Biographical Information
Corneille was born into a middle-class family in Rouen and seems to have lived a quiet, retired, bourgeois life. He studied law but showed little aptitude for the profession. As a student he wrote poetry and won prizes for his Latin versification. In 1629 he offered his first play, the comedy Mélite, ou Les fausses letters (1630; Mélite; or, The False Letters), to a theatrical troupe led by the acclaimed actor Montdory during the group's stop in Rouen. The play was a great success when staged in Paris, and Corneille's theatrical career was effectively launched. Over the next several years, he wrote a number of successful comedies and tragedies. In 1636 Corneille first staged his innovative play, The Cid, which was a popular success but gave rise to a heated controversy known as “La Querelle du Cid” or “Quarrel of Le Cid.” The play's numerous violations of the common neoclassical design for tragic drama prompted published attacks by Corneille's rivals as well as defenses by Corneille and his supporters. The Cid was submitted to the newly formed Académie Française, then under the authority of Cardinal Richelieu, which issued a judgment siding with Corneille's opponents. Wounded and discouraged, he ceased writing plays for three years.
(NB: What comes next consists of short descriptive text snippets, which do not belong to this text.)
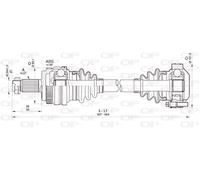Semiasse OPEN PARTS 607mm - DRS6356.00 per BMW Série 1 2.0 118 d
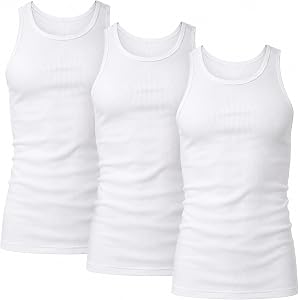 Hanes Men's Tank Undershirt Pack, Cotton Tank Undershirt, Moisture-Wicking, Breathable, White or Grey/Black, Multi-Pack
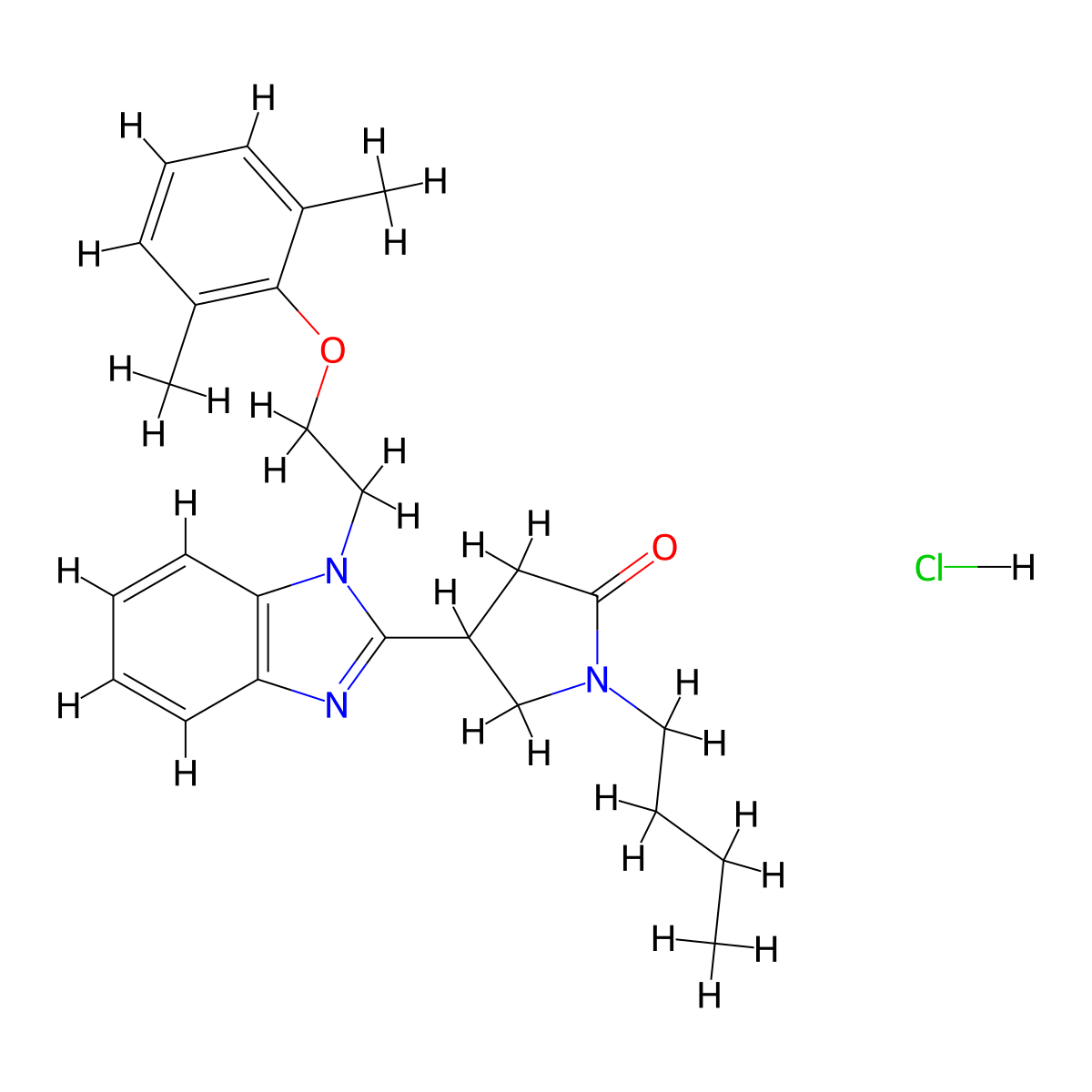 1-butyl-4-(1-(2-(2,6-dimethylphenoxy)ethyl)-1H-benzo[d]imidazol-2-yl)pyrrolidin-2-one hydrochloride molecular structure, CAS 1049752-53-5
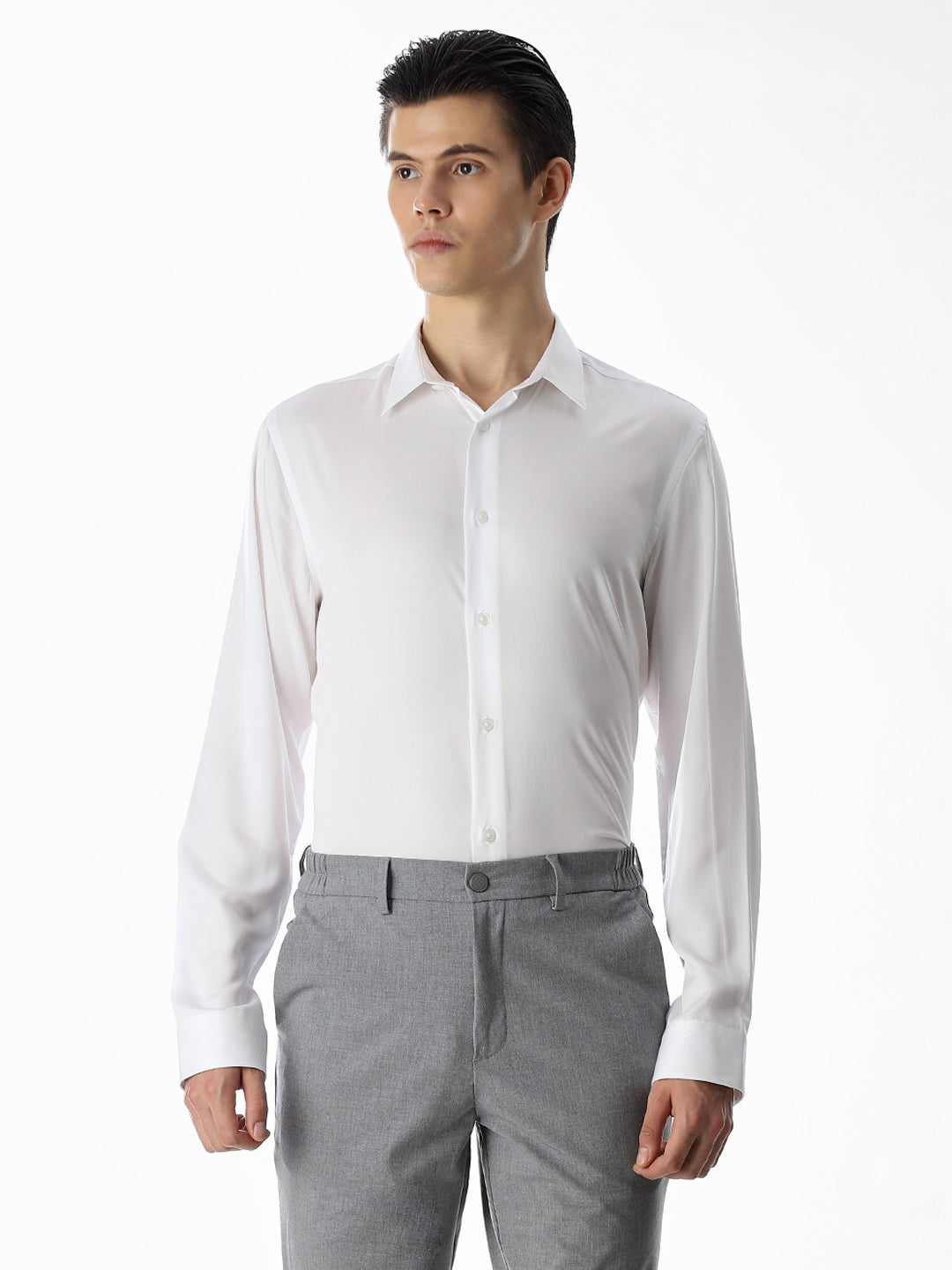 White Tencel Slim Fit Formal Shirt
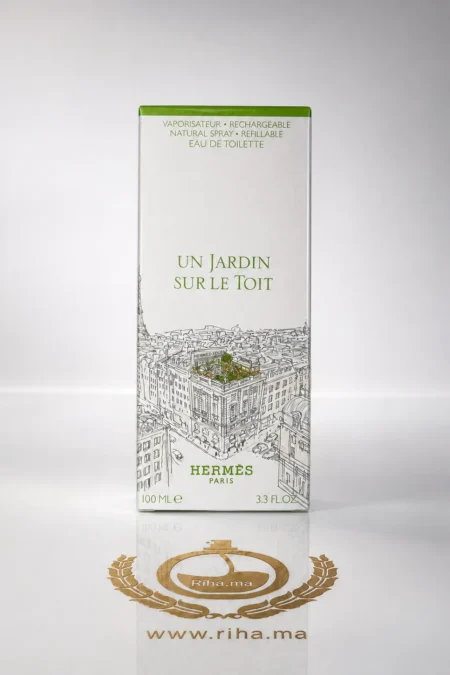Flacon d'un jardin sur le toit eau de toilette avec fleurs fraîches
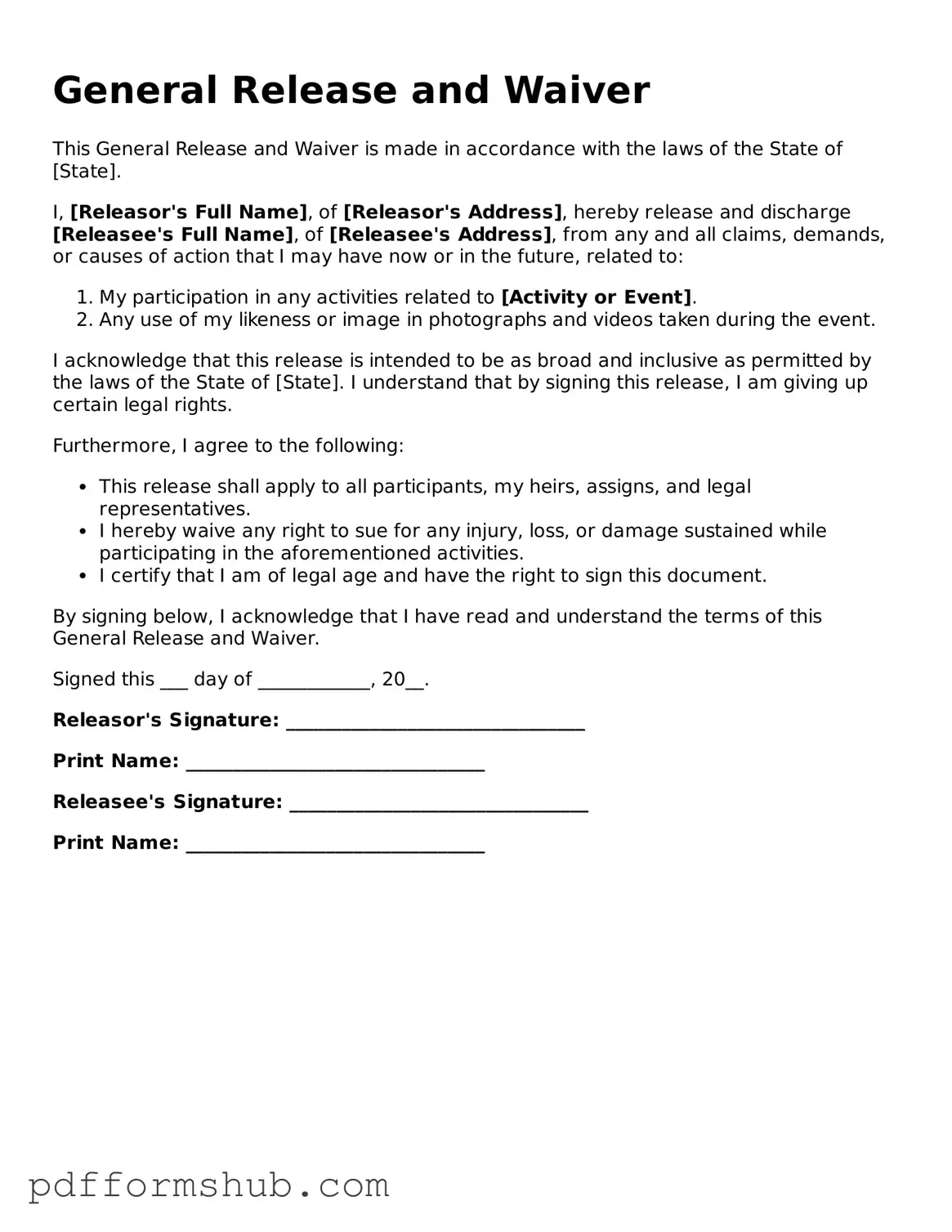 Valid General Release and Waiver Form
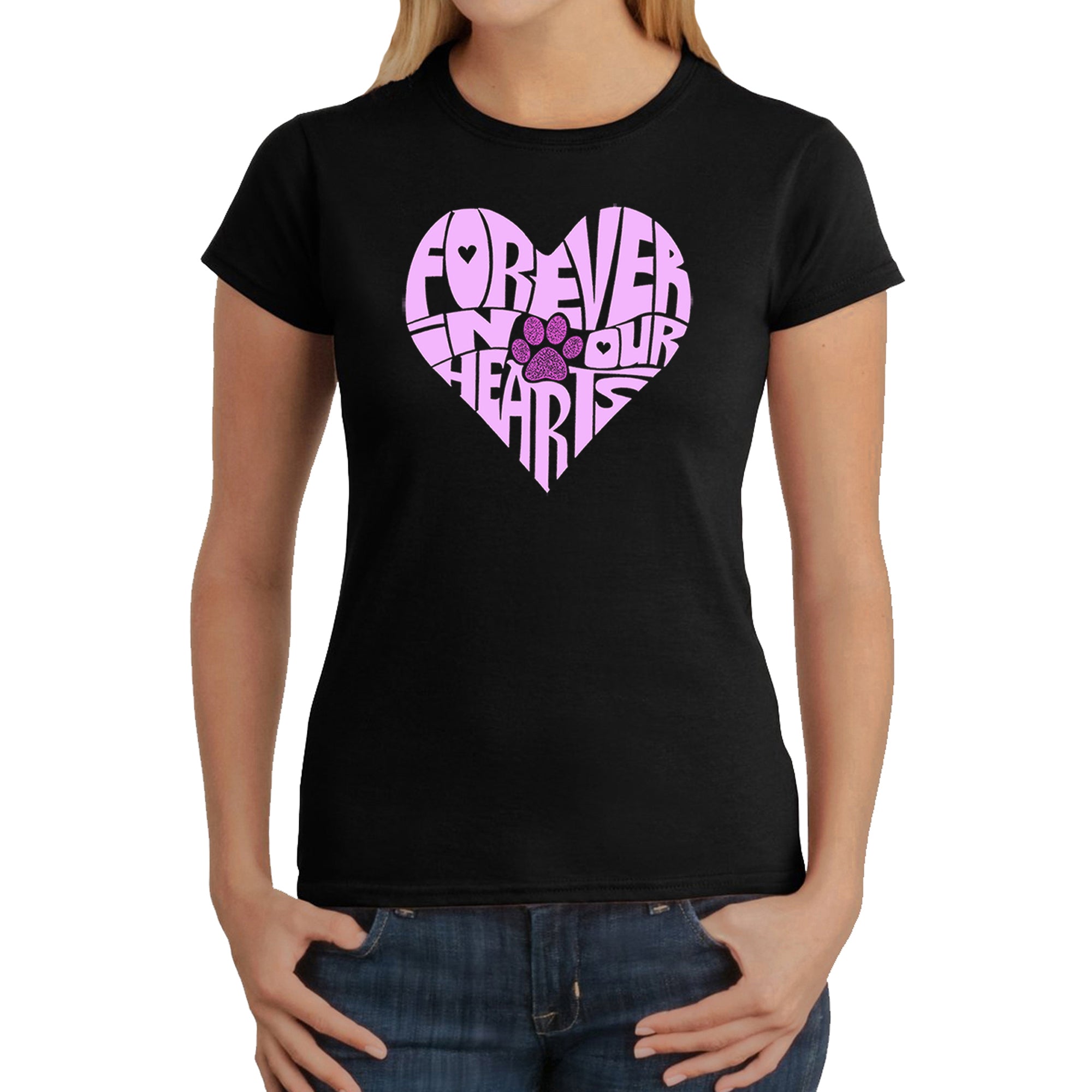 Forever In Our Hearts - Women's Word Art T-Shirt、mySite、camillekostekn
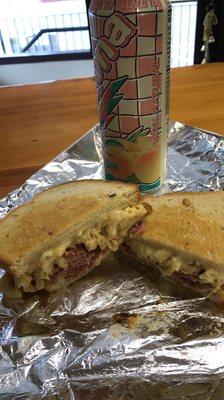 Mac daddy sandwich: Mac and cheese and ham ($7.95)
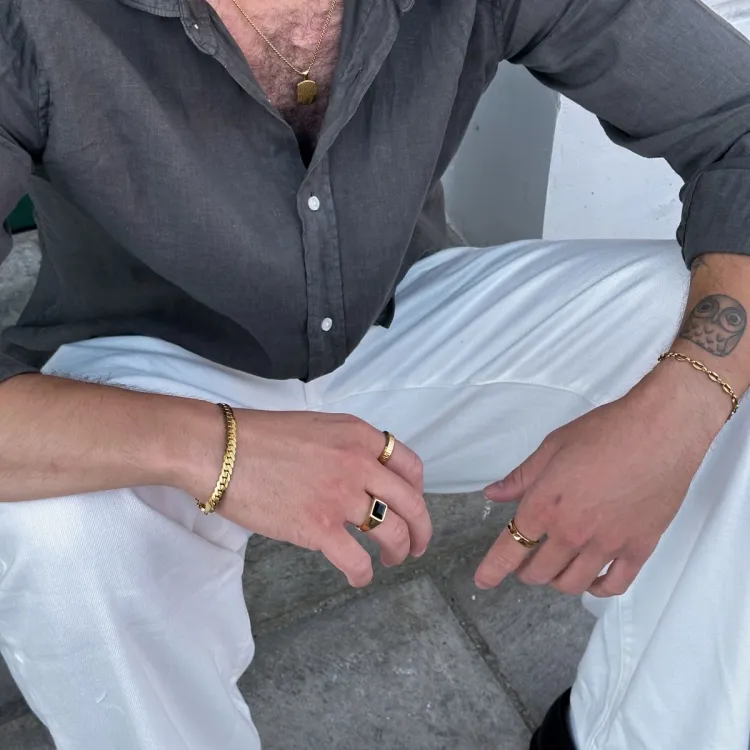 waterproof ring in verguld staal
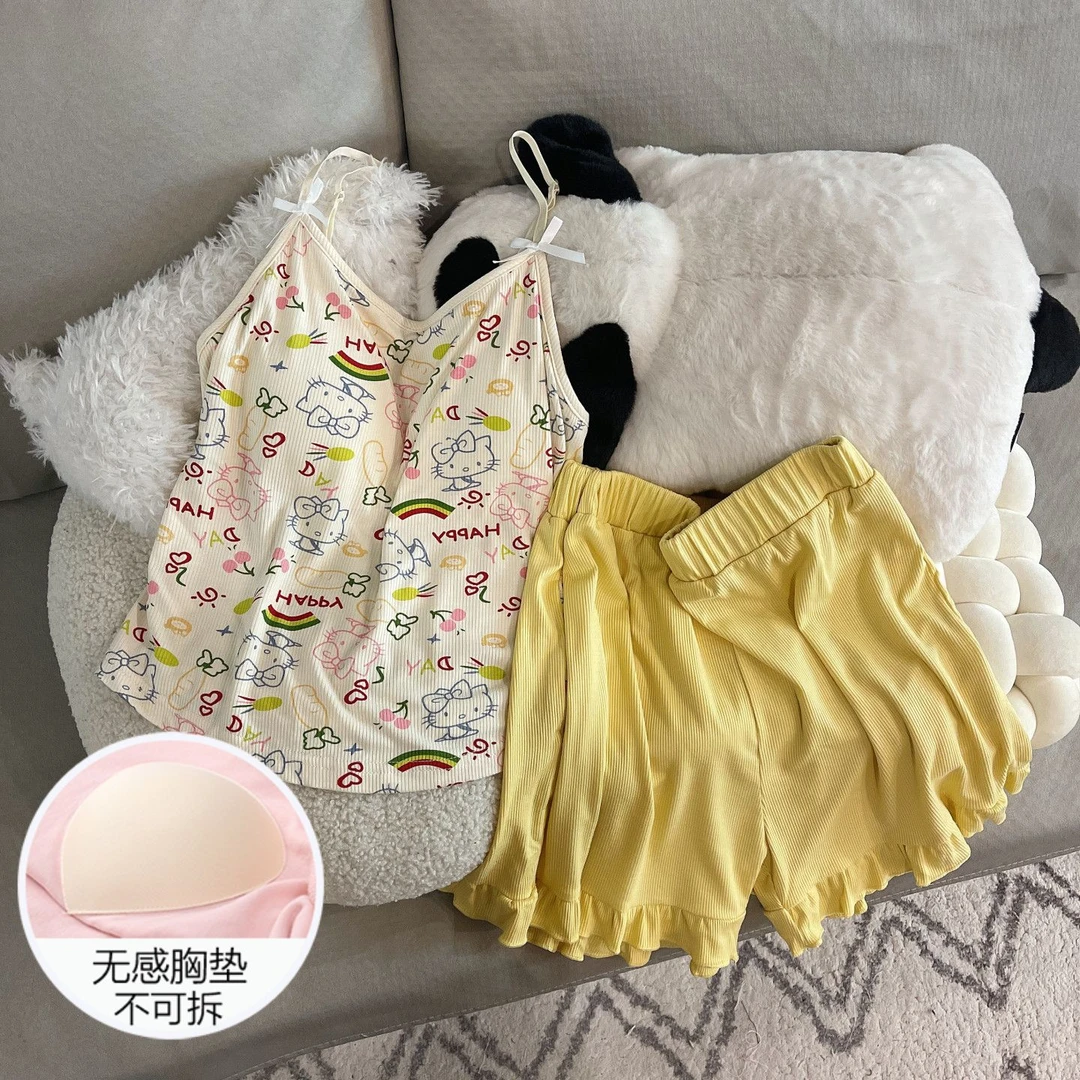 睡衣女夏季高级感吊带套装大码凉感带胸垫2025新款涂鸦kt猫家居服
After his return to the theater in 1640, Corneille entered a very fertile period, producing at least three comedies and nine tragedies. The failure of his tragedy Pertharite, roi des Lombards (1652; Pertharites, King of the Lombards) led Corneille once again to leave the theater, this time for seven years. Although he attempted to regain his stature in 1659 with Œdipe (Oedipus), neither this tragedy nor the works that followed were nearly so successful as his former triumphs. Furthermore, the heroic mode of characterization that Corneille employed was giving way in public favor to the more firmly classical and Jansenist work of his younger rival, Jean Racine. Corneille retired from the theater in 1674 and died in obscurity ten years later.
Major Works
The Cid is considered one of the masterpieces of French drama. The play concerns the growing French middle class and shrinking nobility, centralized government, and economic growth. It offers token regard to the neoclassical guidelines for the presentation and structure of tragedies, but the plot foreshadows the more elaborate plotting of the Elizabethan stage: within twenty-four hours the protagonist falls in love, fights a duel, kills his beloved's father, leads his outnumbered military force to a smashing victory over the Moors, and is vindicated in trial by combat, all the while alternately losing and then regaining favor with both his beloved and his nation's king. In his later plays, Corneille focused less on celebrating individual heroism and more on classical themes like conflicts between patriotic duty and love or the call for mercy contrasted with the need for disinterested justice. Among Corneille's later works, Horace (1640), Polyeucte (1643), and Suréna (1674) are often named as masterworks of French drama. In addition, Corneille's comedies, from his early Mélite through Le Menteur (1643; The Liar) are regarded as clever, well-crafted works.
Critical Reception
Critics have praised Corneille's plays for their great diversity, brilliant versification, and complexity of plot and situation. Scholars have also applauded his liberation of tragedy from the confinement and artificiality of neoclassical strictures. Much critical discussion of Corneille's work focuses on his relationship with his contemporary and rival, the playwright Jean Racine. Many scholars compare the objectives and accomplishments of Corneille with those of Racine, often to Racine's advantage. Although the decline of Corneille's reputation, begun in his own lifetime, continued throughout the eighteenth century, the next century saw a reappraisal of his place in literary history, and today he is situated in the front rank of French dramatists.